■ INSTRUCTIONS TO FOLLOW
Print exactly what the entries say, line by line, from the first line down to the one with "Click to view", inclusive.

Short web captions
⟨

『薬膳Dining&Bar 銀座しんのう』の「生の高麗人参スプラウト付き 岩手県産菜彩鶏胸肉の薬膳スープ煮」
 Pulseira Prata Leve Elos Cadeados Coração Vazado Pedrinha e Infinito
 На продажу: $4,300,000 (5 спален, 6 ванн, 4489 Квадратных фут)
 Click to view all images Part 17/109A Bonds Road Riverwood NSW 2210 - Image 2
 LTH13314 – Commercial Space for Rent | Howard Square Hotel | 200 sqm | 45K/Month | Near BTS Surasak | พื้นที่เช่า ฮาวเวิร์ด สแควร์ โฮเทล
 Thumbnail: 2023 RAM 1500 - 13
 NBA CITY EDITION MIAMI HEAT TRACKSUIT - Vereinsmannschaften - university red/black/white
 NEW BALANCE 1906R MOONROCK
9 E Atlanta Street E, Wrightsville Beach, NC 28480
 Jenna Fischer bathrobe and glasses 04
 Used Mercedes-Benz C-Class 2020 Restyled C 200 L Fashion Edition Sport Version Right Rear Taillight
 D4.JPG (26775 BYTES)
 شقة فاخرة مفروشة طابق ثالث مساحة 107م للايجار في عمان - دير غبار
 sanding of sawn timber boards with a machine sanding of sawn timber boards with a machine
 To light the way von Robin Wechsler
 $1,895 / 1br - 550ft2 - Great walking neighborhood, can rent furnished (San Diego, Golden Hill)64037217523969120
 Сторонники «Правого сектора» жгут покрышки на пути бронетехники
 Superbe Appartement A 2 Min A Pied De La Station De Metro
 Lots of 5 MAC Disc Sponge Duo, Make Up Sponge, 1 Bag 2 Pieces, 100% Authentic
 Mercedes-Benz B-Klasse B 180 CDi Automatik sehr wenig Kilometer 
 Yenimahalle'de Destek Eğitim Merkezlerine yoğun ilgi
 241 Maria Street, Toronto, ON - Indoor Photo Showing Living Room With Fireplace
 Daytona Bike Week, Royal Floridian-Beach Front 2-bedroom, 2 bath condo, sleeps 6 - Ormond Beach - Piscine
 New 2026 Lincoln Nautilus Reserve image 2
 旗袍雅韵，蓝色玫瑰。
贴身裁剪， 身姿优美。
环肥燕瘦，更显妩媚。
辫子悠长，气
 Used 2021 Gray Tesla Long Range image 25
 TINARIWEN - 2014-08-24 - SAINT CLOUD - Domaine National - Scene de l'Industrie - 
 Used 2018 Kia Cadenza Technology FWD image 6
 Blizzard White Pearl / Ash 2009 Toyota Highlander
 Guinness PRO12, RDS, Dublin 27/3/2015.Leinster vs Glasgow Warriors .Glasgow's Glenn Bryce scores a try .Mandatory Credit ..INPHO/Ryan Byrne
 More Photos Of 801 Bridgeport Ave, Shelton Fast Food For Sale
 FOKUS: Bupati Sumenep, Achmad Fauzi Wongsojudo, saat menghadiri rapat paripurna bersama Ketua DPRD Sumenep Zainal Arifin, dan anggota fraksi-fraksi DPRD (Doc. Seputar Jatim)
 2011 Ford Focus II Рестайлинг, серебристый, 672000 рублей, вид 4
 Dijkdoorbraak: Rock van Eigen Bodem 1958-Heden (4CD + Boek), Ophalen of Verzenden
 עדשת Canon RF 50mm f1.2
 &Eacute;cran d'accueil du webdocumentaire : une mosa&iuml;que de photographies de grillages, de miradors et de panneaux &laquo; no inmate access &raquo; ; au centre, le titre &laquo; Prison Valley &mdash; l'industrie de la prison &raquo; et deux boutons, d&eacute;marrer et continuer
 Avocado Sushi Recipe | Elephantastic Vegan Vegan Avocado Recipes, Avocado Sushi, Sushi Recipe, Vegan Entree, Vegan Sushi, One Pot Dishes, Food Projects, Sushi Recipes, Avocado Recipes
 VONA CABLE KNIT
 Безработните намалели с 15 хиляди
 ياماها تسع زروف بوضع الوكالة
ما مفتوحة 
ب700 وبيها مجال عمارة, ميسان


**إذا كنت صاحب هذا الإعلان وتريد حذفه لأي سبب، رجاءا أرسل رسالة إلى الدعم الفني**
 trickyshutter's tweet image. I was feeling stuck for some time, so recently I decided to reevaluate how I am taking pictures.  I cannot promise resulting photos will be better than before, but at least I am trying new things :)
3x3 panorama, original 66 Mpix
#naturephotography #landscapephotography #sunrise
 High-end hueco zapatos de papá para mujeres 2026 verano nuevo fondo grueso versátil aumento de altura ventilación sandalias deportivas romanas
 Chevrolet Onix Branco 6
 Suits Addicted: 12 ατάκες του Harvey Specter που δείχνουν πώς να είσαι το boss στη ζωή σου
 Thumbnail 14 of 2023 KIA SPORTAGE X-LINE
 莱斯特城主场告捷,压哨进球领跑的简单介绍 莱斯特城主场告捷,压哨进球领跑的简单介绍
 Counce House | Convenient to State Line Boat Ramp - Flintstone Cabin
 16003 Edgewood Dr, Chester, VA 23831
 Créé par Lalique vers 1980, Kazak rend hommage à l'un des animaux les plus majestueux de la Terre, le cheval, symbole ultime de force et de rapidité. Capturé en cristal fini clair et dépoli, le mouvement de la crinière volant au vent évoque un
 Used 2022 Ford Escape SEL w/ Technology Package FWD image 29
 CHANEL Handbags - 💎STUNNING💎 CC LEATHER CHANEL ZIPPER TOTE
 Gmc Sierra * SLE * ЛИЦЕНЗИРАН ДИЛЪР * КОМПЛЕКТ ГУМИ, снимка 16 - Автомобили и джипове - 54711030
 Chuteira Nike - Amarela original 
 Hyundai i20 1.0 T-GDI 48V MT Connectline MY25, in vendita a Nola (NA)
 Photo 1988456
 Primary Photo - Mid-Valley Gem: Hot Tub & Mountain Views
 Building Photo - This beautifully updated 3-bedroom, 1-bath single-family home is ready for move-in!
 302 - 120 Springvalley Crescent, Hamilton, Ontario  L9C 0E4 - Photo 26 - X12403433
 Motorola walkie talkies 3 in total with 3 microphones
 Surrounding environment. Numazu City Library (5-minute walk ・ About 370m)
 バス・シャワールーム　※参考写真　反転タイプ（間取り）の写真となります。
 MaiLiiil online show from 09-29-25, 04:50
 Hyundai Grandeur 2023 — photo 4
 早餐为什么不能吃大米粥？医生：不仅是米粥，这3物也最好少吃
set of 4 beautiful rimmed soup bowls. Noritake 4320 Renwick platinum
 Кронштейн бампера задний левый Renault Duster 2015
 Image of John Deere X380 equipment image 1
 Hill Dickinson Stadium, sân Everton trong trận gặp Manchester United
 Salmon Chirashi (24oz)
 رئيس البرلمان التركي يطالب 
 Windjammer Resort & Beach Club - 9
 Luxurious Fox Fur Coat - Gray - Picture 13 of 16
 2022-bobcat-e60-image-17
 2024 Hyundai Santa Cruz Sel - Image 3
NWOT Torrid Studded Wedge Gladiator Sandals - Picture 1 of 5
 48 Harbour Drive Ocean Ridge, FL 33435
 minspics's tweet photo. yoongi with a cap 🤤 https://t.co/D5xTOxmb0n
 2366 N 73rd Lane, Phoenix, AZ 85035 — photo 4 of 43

⟩

■ RESPONSE TO THIS TASK
『薬膳Dining&Bar 銀座しんのう』の「生の高麗人参スプラウト付き 岩手県産菜彩鶏胸肉の薬膳スープ煮」
 Pulseira Prata Leve Elos Cadeados Coração Vazado Pedrinha e Infinito
 На продажу: $4,300,000 (5 спален, 6 ванн, 4489 Квадратных фут)
 Click to view all images Part 17/109A Bonds Road Riverwood NSW 2210 - Image 2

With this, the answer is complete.